ENTRIES PROVIDED
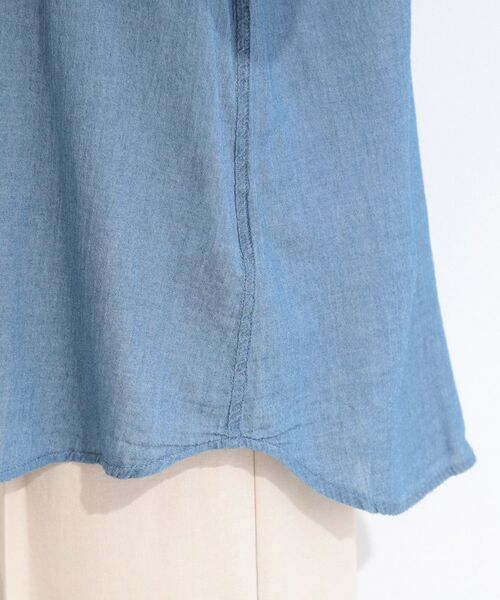 SHOO・LA・RUE / シューラルー シャツ・ブラウス | 【UV/体型カバー/S-LL】お袖ゴム 柔らかシアーデニムシャツ | 詳細20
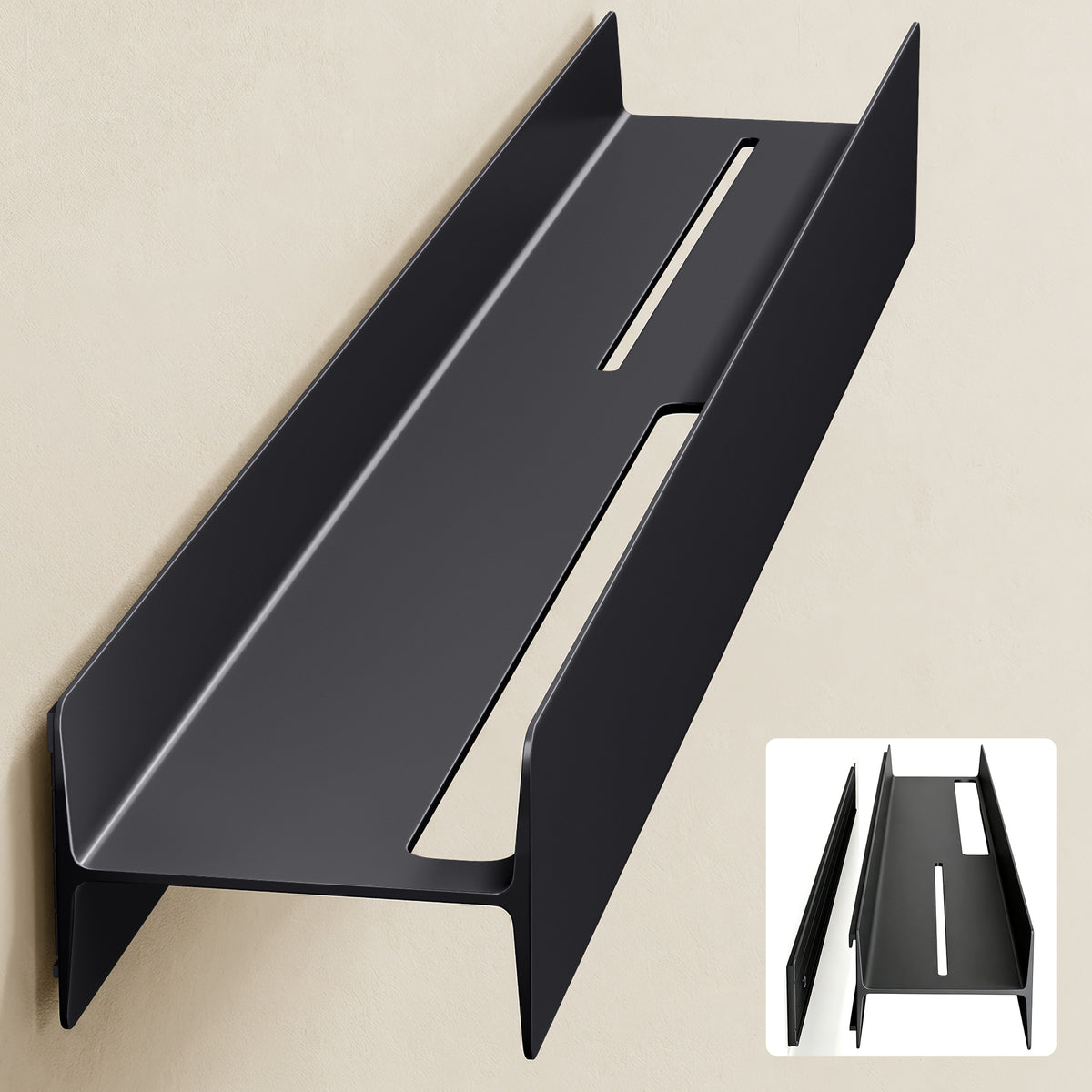 glasvilla Mensola da Parete Multifunzionale, Mensola per Doccia in Lega di Alluminio-Magnesio con Strato Antiruggine Mensola da Appendere per Bagno e Cucina, Rimovibile, Reglo-03
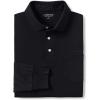 Lands’ End Men’s Long Sleeve American-Grown Supima Cotton Polo Shirt with Pocket(Black)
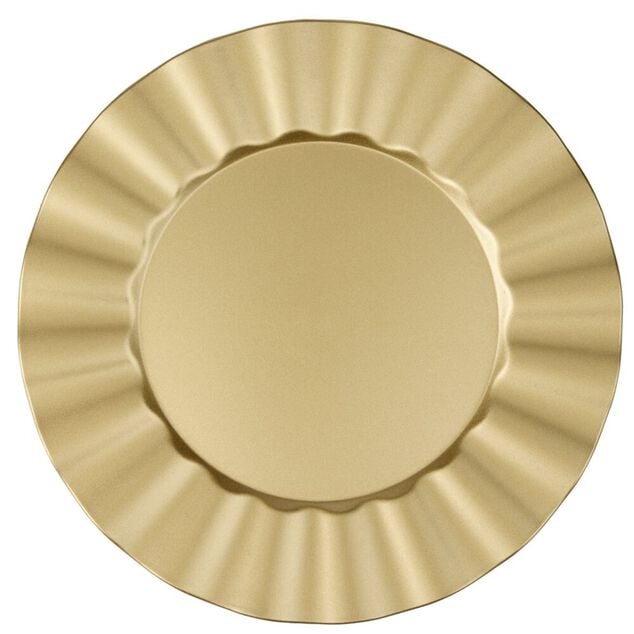Sous-assiette bord ondul&eacute; &Oslash;33 cm dor&eacute;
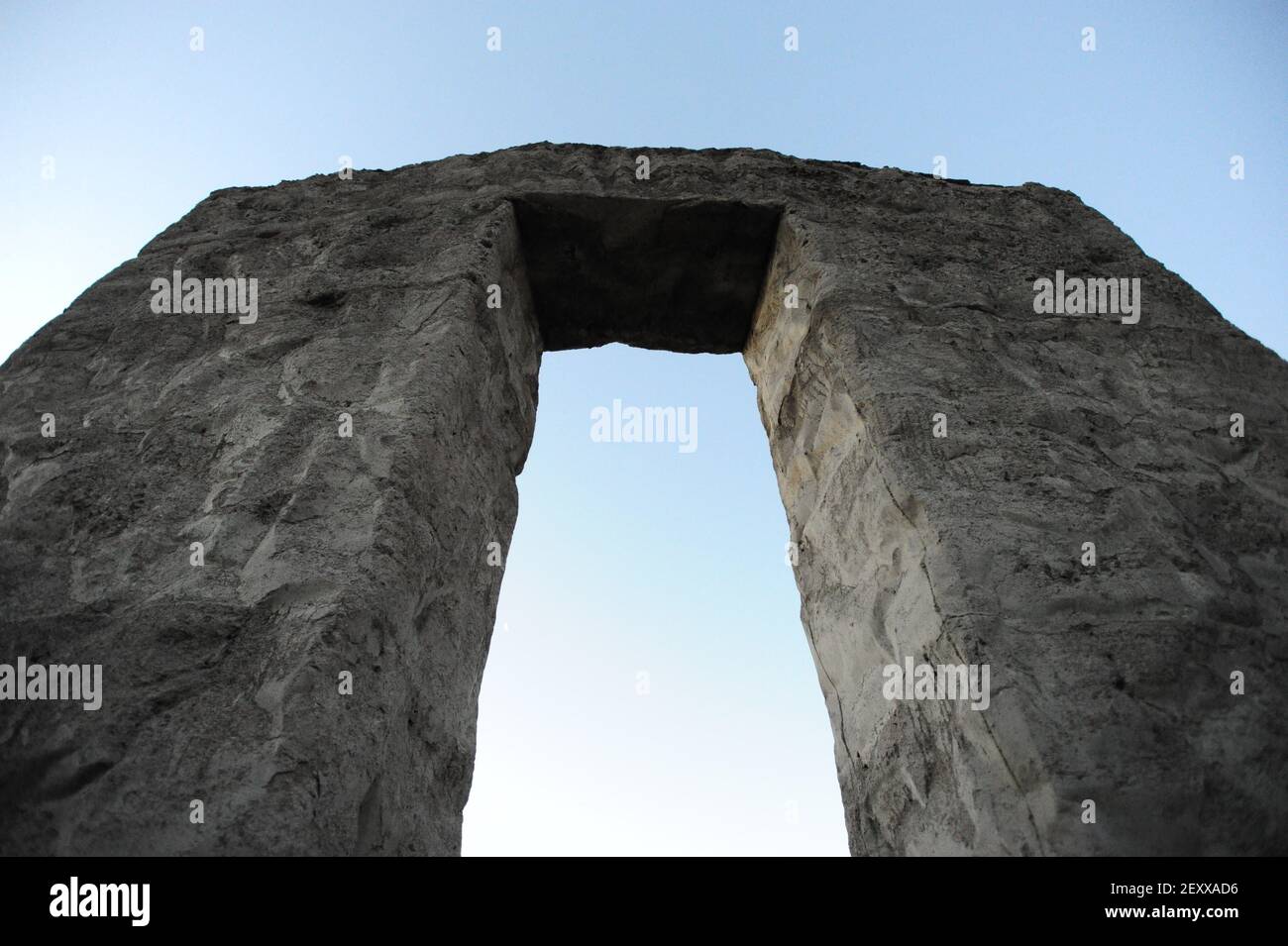 The sky begins to lighten over a fullsize replica of Stonehenge in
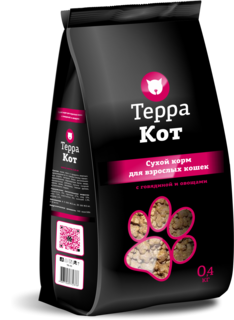 Сухой корм для кошек Терра Кот, с говядиной и овощами, 0,4кг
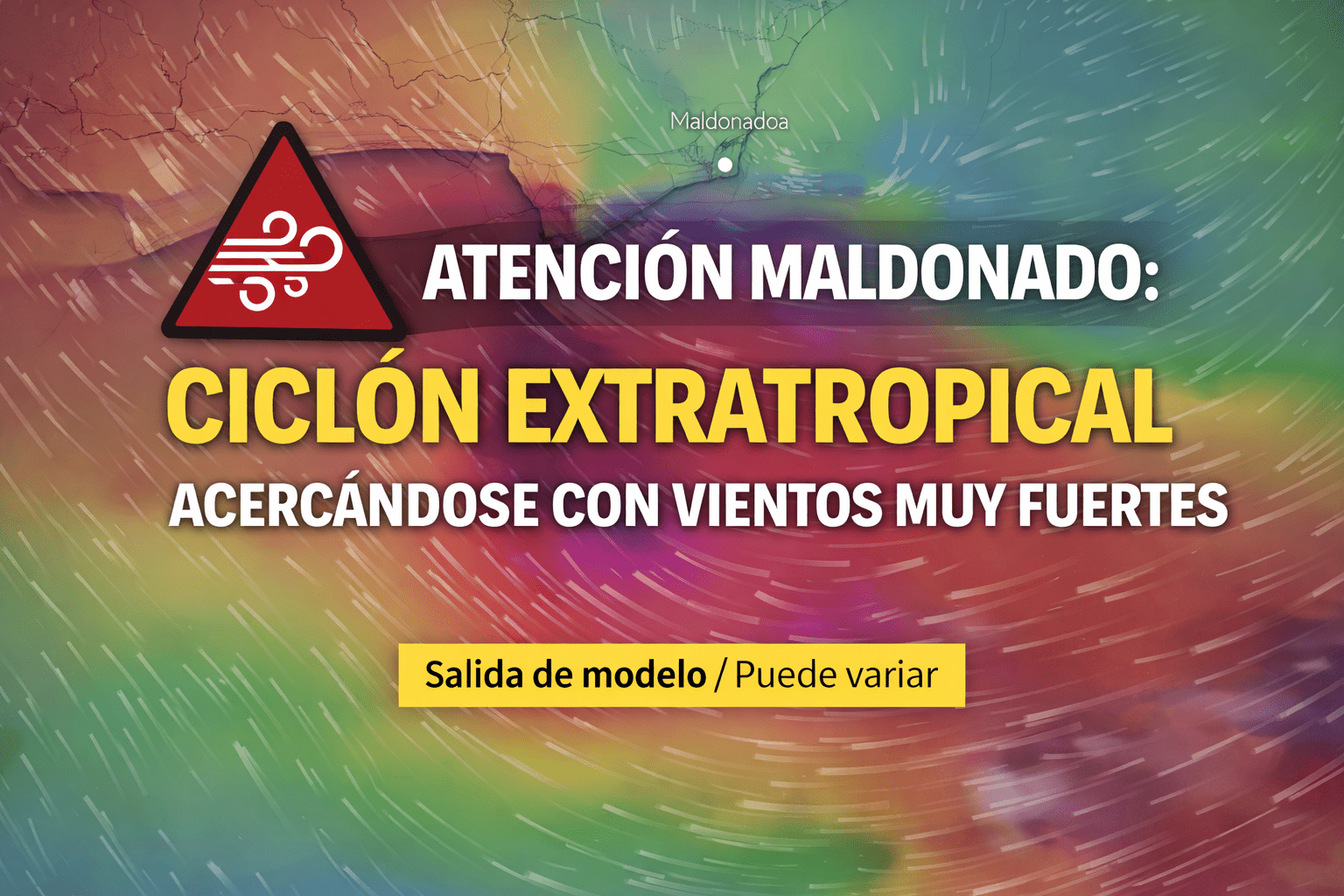 Pronóstico de viento en Maldonado según Windy (modelo ECMWF) con rachas intensas previstas para el sábado (imagen ilustrativa)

ACTIVITY
Quote the material word for word, dropping any images it holds.

EXERCISE ANSWER
 SHOO・LA・RUE / シューラルー シャツ・ブラウス | 【UV/体型カバー/S-LL】お袖ゴム 柔らかシアーデニムシャツ | 詳細20
 glasvilla Mensola da Parete Multifunzionale, Mensola per Doccia in Lega di Alluminio-Magnesio con Strato Antiruggine Mensola da Appendere per Bagno e Cucina, Rimovibile, Reglo-03
 Lands’ End Men’s Long Sleeve American-Grown Supima Cotton Polo Shirt with Pocket(Black)
Sous-assiette bord ondul&eacute; &Oslash;33 cm dor&eacute;
 The sky begins to lighten over a fullsize replica of Stonehenge in
 Сухой корм для кошек Терра Кот, с говядиной и овощами, 0,4кг
 Pronóstico de viento en Maldonado según Windy (modelo ECMWF) con rachas intensas previstas para el sábado (imagen ilustrativa)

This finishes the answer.